Translating to “My compass lost its way,” “Tah Dalili” is a profound exploration of longing, for a first love, for childhood, and for the safety of a home that remains part of one’s identity regardless of distance, while beneath the narrative of lost love lies a deeper grief and nostalgia for a Palestinian homeland. Framed by recordings of Dana’s grandmother’s voice, the song becomes more than music; it becomes an archive, opening and closing with these intimate fragments to preserve living memory through sound and ground the track in lineage, continuity, and the urgency of remembrance.

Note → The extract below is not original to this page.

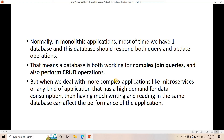When we deal with more complex applications like microservices, or any application with high demand for data consumption, having heavy reading and writing on the same database can affect application performance. That single database has a fixed amount of compute and storage resources. If complex join queries and insert/update operations happen simultaneously at a high rate, the database comes under high pressure and performance will decrease.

On the single Dana shares, “Our stories, voices, photographs, accents, recipes, and recordings are not just sentimental artifacts… they are proof of our existence, our continuity, and our identity. “Tah Dalili” is also a reminder to preserve these memories: to record our grandparents telling stories, digitize old tapes and photographs, ask questions, and hold onto the details that might otherwise disappear with time. Memory is inheritance. And for many Palestinians living in exile or separation, memory becomes one of the only ways we can continue returning home.”
The accompanying visualizer gorgeously expands on this idea, weaving VHS footage, family archives, and present-day imagery into a rich tapestry of remembrance. Filmed overlooking Palestine from the Jordanian side of the Dead Sea, the visual carries a quiet yet powerful symbolism. Dana is seen holding her grandfather’s backgammon board, now transformed into a vessel of memory filled with photographs, flowers, and keepsakes. What was once a childhood object becomes a physical manifestation of inheritance, loss, and preservation.
For Palestinians living in exile or separation, “Tah Dalili” serves as both a reflection and a call to action. To record. To document. To hold onto the details that time threatens to erase. Memory becomes inheritance, and through it, a way to keep returning home.